## Exercise brief
Leave out the images and output the records word for word.

Segment Start: Material provided

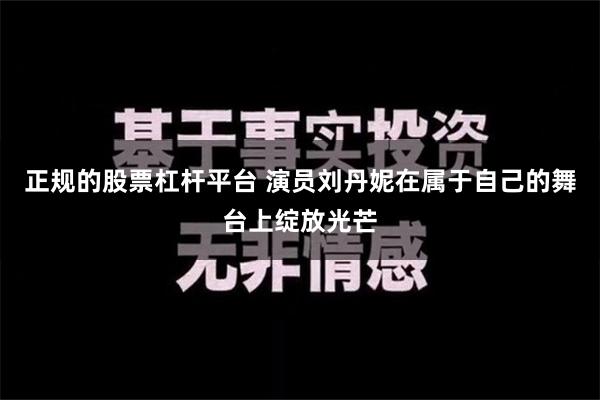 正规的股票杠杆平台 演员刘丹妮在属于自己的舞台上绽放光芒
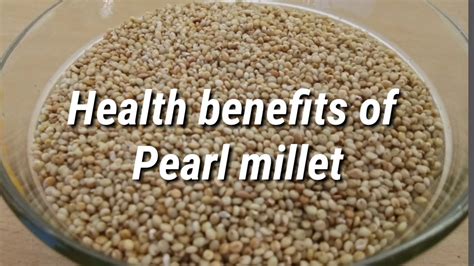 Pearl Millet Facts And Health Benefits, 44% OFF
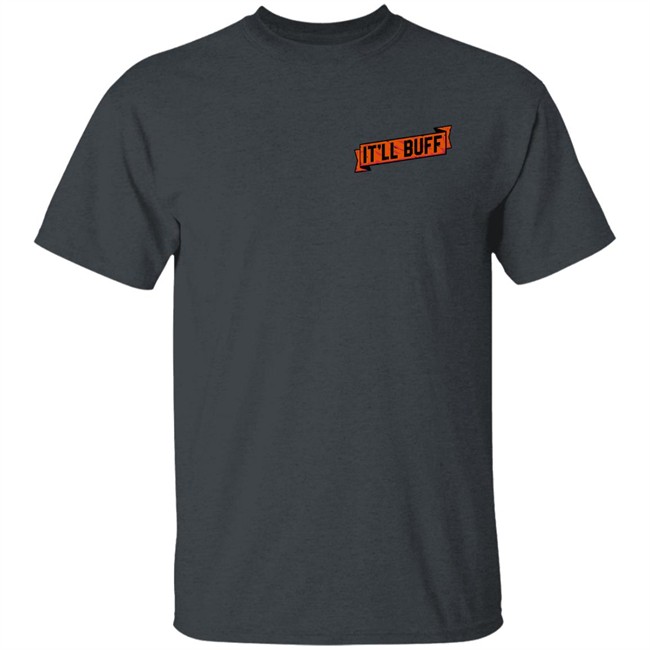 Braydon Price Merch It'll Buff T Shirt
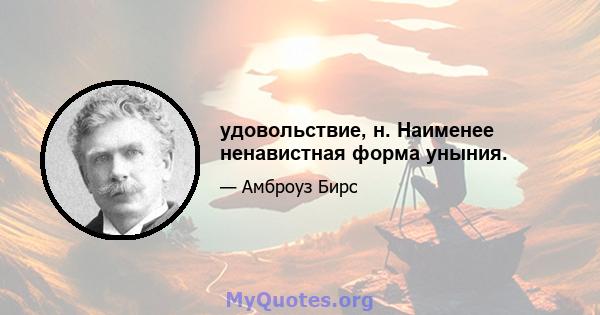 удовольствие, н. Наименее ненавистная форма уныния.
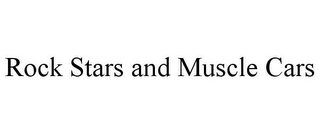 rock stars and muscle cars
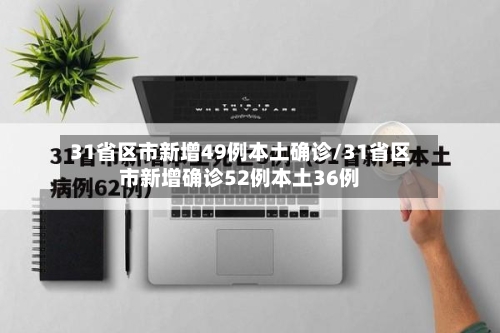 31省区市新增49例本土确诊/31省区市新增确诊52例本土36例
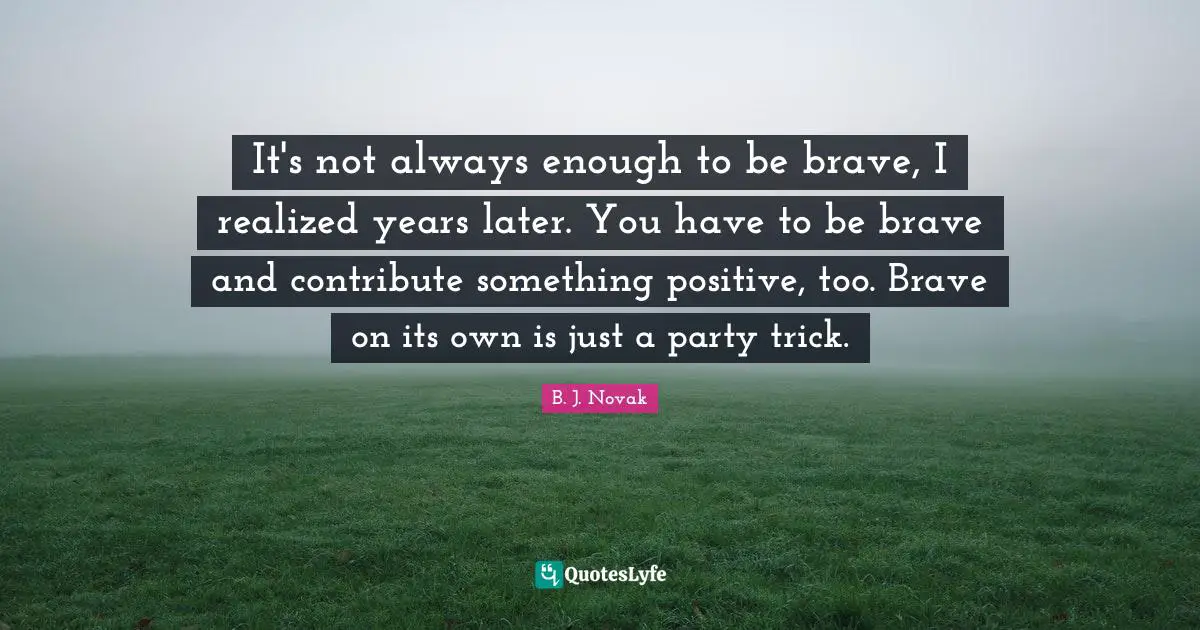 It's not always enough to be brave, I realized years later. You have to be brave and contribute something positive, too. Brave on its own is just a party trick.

Segment End: Material provided

## Answer space
 正规的股票杠杆平台 演员刘丹妮在属于自己的舞台上绽放光芒
 Pearl Millet Facts And Health Benefits, 44% OFF
 Braydon Price Merch It'll Buff T Shirt
 удовольствие, н. Наименее ненавистная форма уныния.
 rock stars and muscle cars
 31省区市新增49例本土确诊/31省区市新增确诊52例本土36例
 It's not always enough to be brave, I realized years later. You have to be brave and contribute something positive, too. Brave on its own is just a party trick.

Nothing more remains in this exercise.